→ Work required
Copy the entries below verbatim, omitting any pictures they contain.

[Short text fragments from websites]
****************************************

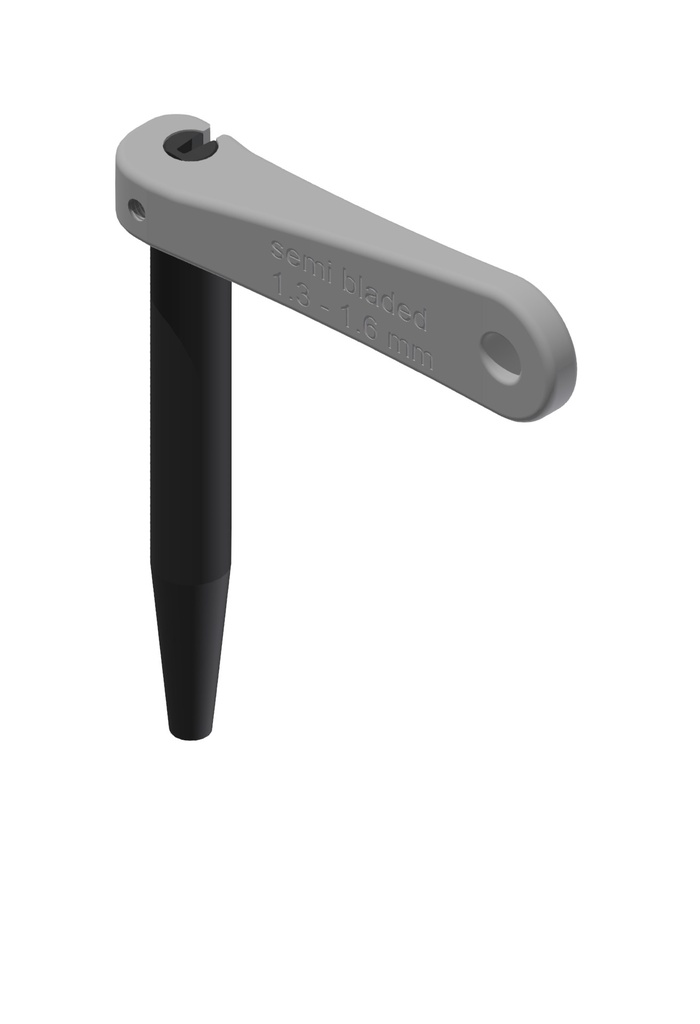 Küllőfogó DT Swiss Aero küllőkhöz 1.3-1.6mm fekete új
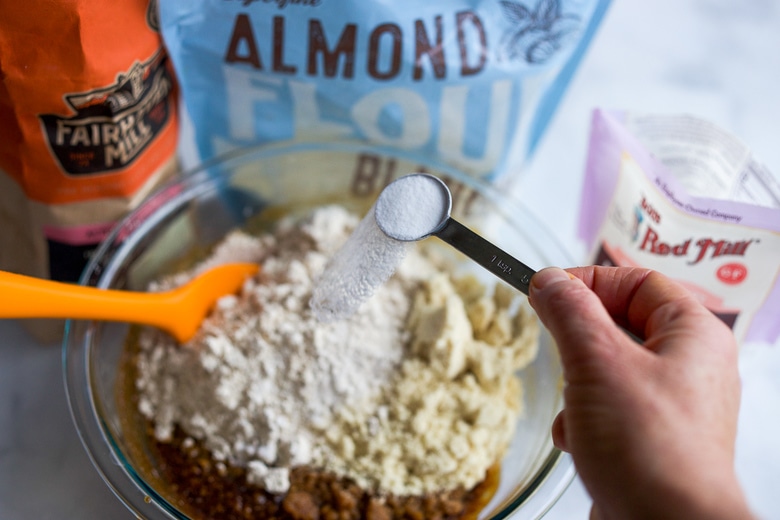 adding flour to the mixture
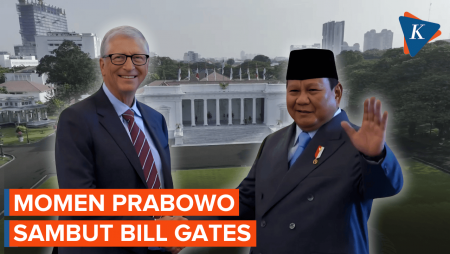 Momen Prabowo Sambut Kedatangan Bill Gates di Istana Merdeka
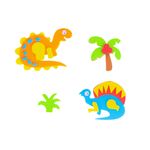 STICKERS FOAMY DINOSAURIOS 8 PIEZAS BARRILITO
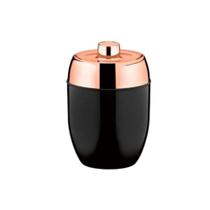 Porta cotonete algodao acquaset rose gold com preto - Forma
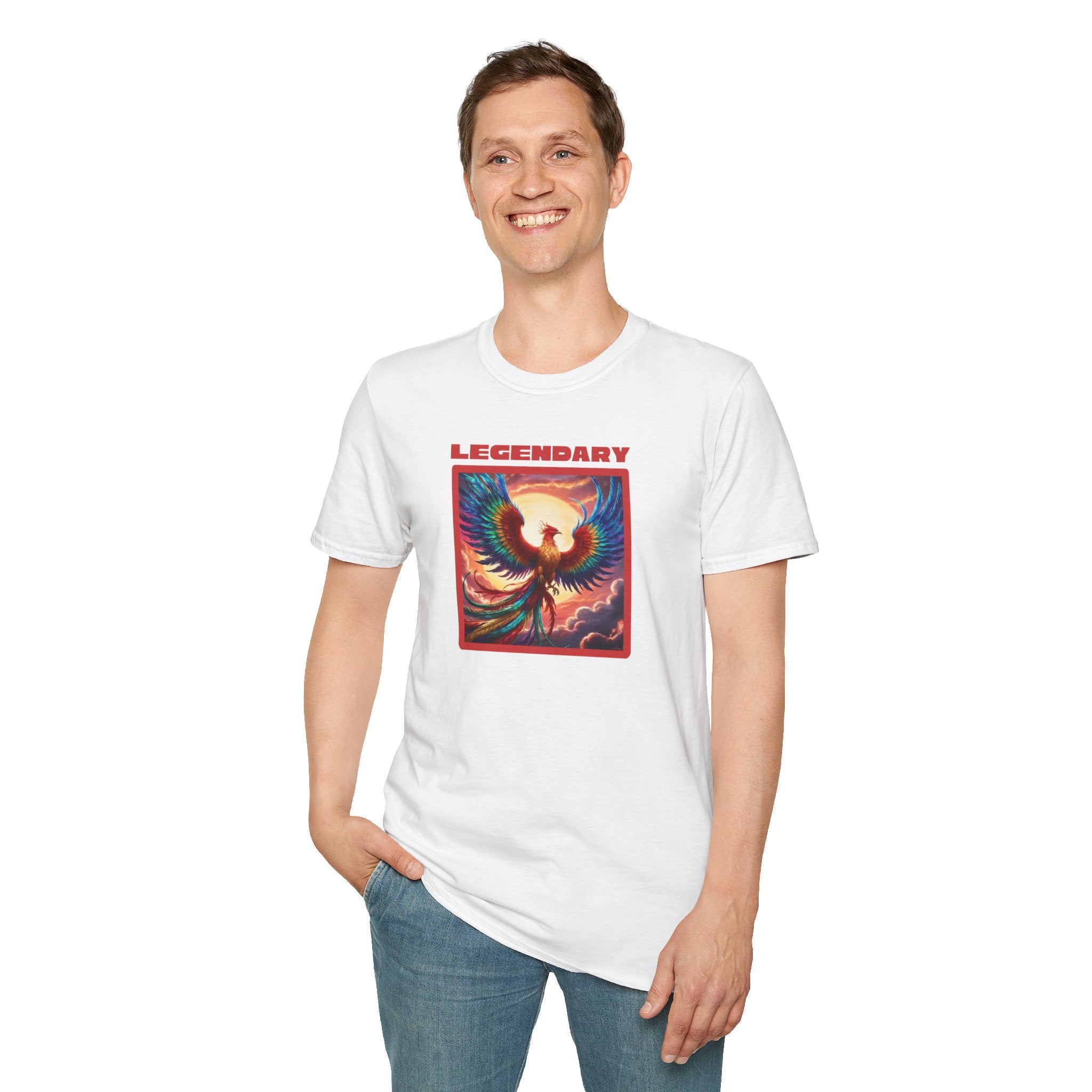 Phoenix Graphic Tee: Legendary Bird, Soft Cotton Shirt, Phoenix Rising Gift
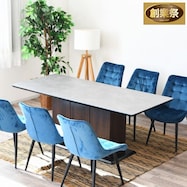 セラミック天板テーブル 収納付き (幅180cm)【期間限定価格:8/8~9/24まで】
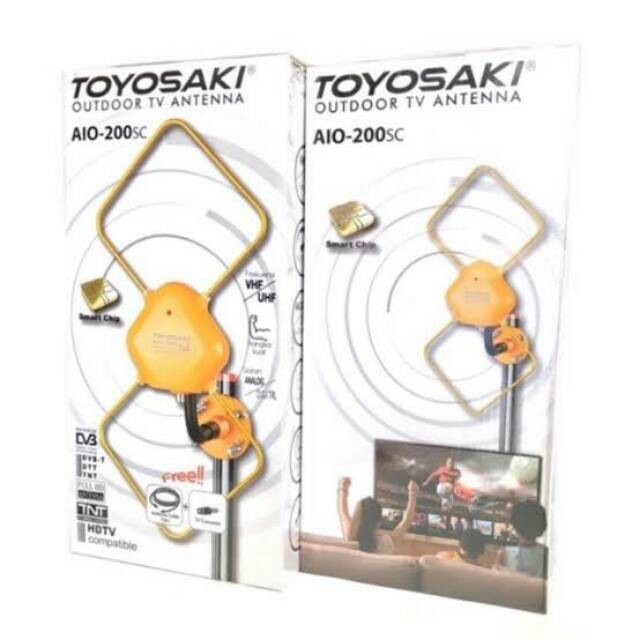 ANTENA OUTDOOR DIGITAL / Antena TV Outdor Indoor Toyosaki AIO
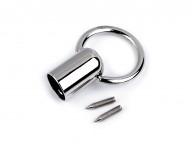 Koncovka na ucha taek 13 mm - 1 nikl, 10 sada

****************************************

→ Output of the exercise
 Küllőfogó DT Swiss Aero küllőkhöz 1.3-1.6mm fekete új
 adding flour to the mixture
 Momen Prabowo Sambut Kedatangan Bill Gates di Istana Merdeka
 STICKERS FOAMY DINOSAURIOS 8 PIEZAS BARRILITO
 Porta cotonete algodao acquaset rose gold com preto - Forma
 Phoenix Graphic Tee: Legendary Bird, Soft Cotton Shirt, Phoenix Rising Gift
 セラミック天板テーブル 収納付き (幅180cm)【期間限定価格:8/8~9/24まで】
 ANTENA OUTDOOR DIGITAL / Antena TV Outdor Indoor Toyosaki AIO
 Koncovka na ucha taek 13 mm - 1 nikl, 10 sada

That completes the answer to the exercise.